La memoria oggi credo essere un concetto molto abusato, purtroppo. Si usa parlare di memoria nelle commemorazioni per rappresentare, diciamo, quanto lo Stato è vicino ai familiari delle vittime di mafia o terrorismo. C’è una retorica degli anniversari. A me piace più usare il termine memorie, perché anche il concetto unico di memoria come se ci fosse qualcosa che può raccogliere tutto, secondo me non è corretto. Le memorie sono tante, sono diverse, spesso sono divise. Il problema è che il nostro Paese è stato colpito, siamo stati colpiti anche noi come cittadini e cittadine che siamo venuti dopo questa stagione del terrorismo, della mafia e della criminalità che ha minato la Democrazia dell’Italia. Io mi sono stupita che il presidente del consiglio Draghi abbia fatto una direttiva dicendo di versare le carte sulla loggia P2 e su Gladio. E’ come dire che lo Stato ne ha ammesso la loro esistenza, cioè l’esistenza di frange extra-costituzionali che hanno agito per sovvertire lo Stato democratico. Gladio e P2 hanno agito contro la Costituzione. Ma perché non si fa un dibattito pubblico di nessun genere su questo? Nessuno ne parla. Ma non si può ignorare, non si può prescindere da questo. Io credo che la storia, come la memoria, si costruiscono anche sul dibattito pubblico e su questi temi il dibattito pubblico è indietro, mentre quello politico è ancora più indietro.

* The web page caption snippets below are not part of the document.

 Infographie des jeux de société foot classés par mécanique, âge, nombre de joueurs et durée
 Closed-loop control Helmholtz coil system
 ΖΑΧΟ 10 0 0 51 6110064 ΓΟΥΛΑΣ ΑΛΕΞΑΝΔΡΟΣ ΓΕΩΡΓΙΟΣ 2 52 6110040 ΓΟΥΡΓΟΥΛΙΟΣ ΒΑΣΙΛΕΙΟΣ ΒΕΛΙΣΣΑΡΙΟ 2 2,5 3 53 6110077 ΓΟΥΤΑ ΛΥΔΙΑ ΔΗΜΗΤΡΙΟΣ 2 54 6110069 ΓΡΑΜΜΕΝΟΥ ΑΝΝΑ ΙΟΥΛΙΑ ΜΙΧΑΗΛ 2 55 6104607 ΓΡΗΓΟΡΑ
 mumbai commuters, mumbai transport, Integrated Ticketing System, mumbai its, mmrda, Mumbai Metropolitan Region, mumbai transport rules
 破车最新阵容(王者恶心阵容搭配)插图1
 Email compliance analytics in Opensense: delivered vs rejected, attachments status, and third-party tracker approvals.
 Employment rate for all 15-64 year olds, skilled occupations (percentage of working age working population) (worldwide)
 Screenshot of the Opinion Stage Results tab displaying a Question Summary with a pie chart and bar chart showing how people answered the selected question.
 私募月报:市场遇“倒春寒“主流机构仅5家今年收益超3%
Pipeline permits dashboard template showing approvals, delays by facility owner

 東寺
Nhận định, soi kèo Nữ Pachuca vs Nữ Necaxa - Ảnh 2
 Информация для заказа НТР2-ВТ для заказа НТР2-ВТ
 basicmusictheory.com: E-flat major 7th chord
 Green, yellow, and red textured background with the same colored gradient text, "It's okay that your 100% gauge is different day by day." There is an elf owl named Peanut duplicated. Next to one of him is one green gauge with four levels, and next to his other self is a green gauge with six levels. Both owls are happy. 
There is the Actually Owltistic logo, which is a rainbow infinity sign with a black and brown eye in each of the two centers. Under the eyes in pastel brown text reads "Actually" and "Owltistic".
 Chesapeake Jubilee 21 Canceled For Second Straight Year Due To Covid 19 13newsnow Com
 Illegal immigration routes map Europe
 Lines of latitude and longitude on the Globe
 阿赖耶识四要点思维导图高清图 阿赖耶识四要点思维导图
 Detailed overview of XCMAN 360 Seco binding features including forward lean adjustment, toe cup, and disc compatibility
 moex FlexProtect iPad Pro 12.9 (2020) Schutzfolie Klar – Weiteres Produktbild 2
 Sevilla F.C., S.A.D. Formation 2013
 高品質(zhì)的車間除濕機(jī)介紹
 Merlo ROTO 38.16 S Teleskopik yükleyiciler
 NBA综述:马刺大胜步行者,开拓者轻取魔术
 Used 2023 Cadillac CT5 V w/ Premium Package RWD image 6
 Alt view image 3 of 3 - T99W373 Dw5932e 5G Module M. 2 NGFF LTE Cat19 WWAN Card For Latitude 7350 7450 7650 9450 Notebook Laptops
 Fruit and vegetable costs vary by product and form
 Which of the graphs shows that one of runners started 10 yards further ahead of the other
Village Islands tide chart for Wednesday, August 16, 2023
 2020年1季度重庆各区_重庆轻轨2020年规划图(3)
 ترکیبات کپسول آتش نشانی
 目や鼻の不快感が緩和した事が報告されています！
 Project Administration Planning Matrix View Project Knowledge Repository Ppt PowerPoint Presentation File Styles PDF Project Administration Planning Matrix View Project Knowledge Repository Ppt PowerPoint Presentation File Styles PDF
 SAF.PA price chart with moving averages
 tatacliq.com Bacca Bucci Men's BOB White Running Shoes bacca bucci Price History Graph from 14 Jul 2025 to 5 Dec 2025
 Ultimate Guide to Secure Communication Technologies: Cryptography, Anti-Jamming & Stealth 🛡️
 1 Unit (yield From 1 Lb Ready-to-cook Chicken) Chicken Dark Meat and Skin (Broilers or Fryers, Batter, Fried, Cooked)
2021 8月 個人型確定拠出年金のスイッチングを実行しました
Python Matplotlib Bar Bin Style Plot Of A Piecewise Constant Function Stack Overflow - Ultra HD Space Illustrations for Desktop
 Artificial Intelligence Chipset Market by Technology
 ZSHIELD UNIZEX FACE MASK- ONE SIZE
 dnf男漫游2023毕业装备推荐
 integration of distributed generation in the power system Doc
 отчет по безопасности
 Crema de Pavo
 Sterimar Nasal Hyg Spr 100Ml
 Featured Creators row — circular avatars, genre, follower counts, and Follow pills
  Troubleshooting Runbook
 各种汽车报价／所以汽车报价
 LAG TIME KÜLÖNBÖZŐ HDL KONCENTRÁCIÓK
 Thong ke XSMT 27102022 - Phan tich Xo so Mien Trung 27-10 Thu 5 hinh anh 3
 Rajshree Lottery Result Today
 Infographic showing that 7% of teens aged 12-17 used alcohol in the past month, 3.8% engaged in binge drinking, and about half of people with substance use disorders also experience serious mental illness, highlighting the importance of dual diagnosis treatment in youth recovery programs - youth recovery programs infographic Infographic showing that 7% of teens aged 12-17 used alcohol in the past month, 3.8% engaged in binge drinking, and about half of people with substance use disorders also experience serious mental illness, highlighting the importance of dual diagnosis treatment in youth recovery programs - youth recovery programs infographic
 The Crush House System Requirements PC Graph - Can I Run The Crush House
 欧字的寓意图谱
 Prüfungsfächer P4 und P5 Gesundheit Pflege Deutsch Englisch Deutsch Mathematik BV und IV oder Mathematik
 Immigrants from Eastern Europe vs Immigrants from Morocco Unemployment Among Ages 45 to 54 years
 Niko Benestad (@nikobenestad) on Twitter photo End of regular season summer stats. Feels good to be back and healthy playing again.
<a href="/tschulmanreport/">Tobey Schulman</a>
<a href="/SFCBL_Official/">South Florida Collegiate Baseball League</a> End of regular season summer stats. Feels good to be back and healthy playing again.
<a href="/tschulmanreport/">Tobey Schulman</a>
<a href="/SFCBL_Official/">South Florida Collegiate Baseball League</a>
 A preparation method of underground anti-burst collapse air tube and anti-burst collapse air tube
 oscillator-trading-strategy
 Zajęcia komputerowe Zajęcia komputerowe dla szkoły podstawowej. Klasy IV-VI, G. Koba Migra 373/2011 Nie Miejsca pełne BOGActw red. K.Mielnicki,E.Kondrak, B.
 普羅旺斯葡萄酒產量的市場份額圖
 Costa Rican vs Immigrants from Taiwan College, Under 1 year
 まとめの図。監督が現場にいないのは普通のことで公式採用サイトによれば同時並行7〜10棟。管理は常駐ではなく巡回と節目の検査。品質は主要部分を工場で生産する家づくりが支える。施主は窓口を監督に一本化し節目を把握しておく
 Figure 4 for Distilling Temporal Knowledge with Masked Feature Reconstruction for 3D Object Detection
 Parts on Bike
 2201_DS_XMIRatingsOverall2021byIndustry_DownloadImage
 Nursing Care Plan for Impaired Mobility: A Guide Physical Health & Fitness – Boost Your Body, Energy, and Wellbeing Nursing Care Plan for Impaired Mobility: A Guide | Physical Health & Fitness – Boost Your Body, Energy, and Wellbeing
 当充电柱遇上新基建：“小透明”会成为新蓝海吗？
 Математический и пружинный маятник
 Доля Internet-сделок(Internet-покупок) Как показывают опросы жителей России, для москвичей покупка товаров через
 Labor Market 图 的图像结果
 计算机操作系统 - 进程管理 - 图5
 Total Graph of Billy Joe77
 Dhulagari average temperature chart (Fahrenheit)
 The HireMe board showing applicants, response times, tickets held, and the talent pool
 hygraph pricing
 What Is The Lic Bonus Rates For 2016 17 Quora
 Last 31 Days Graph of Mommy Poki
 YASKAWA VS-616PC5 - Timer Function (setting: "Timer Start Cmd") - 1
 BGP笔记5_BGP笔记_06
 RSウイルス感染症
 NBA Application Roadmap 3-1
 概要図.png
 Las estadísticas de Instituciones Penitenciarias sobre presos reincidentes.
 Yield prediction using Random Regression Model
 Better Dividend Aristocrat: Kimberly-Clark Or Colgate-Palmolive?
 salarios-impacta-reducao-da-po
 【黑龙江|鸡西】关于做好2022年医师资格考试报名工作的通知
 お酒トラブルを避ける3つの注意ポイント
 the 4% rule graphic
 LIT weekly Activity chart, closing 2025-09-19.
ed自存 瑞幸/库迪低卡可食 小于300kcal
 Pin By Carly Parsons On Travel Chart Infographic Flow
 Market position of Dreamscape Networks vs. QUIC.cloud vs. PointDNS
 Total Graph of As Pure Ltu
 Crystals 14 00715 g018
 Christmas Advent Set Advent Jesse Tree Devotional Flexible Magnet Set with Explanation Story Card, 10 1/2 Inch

Come si esce da questa situazione?
Bisognerebbe parlarne in maniera più seria ed anche con meno retorica dei cosidetti misteri. Spesso sento dire “non sappiamo niente”. Non è vero, sappiamo tantissime cose: sappiamo che molte stragi sono di matrice neo-fascista, e che terroristi di diversa matrice erano infiltrati, come sappiamo che la mafia è dentro i gangli dello Stato. Quindi sappiamo tanto e dovremmo iniziare a dirlo. Esistono tante carte, per fortuna, che ci raccontano pezzi della nostra storia ed è per quello che è importante conservare.
Tutti noi abbiamo delle radici, siamo i cittadini e le cittadine del Paese in cui siamo nati e vissuti e cresciuti. Non possiamo ignorare quello che è successo nel bene, come nel male, perché ci serve per essere e creare un Paese migliore.